**DATASET RECORDS:**
*** Block opens ***

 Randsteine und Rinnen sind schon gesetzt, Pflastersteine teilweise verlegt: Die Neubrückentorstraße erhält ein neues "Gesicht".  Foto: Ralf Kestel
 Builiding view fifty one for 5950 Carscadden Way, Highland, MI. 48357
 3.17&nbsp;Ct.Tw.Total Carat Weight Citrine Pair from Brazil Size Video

*** Block closes ***
*** Block opens ***

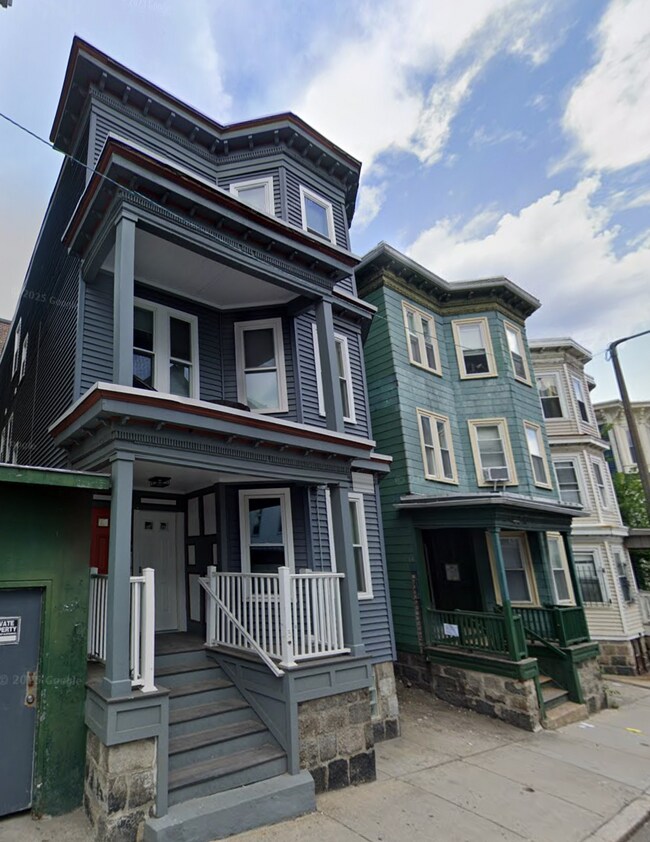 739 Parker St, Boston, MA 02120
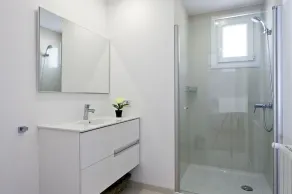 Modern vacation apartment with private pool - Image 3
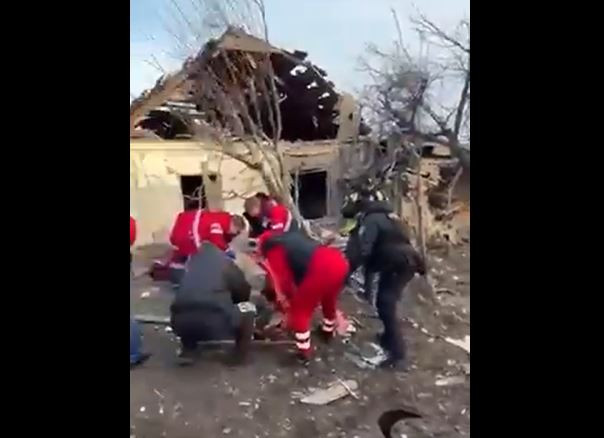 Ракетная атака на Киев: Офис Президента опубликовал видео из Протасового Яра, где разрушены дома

*** Block closes ***

**GOAL OF THE EXERCISE:** Please output, exactly as written, the lines above from the one holding "739 Parker St, Boston, MA 02120" through the one holding "Ракетная атака на", both included, with the pictures omitted.

**OUTPUT OF THE EXERCISE:**
 739 Parker St, Boston, MA 02120
 Modern vacation apartment with private pool - Image 3
 Ракетная атака на Киев: Офис Президента опубликовал видео из Протасового Яра, где разрушены дома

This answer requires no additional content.